START MATERIAL PROVIDED
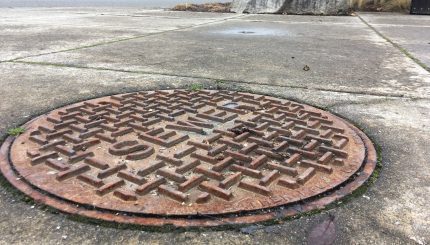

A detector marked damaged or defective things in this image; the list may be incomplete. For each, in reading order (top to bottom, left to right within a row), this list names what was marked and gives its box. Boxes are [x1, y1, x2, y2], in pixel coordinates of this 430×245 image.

crack in concrete [0, 13, 244, 63]
crack in concrete [358, 13, 430, 72]
crack in concrete [10, 59, 430, 100]
rusty manhole cover [0, 90, 374, 228]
END MATERIAL PROVIDED
=== WORK TO BE COMPLETED ===
The entries above should be retyped exactly, minus any pictures.

=== REPLY TO THE EXERCISE ===
A detector marked damaged or defective things in this image; the list may be incomplete. For each, in reading order (top to bottom, left to right within a row), this list names what was marked and gives its box. Boxes are [x1, y1, x2, y2], in pixel coordinates of this 430×245 image.

crack in concrete [0, 13, 244, 63]
crack in concrete [358, 13, 430, 72]
crack in concrete [10, 59, 430, 100]
rusty manhole cover [0, 90, 374, 228]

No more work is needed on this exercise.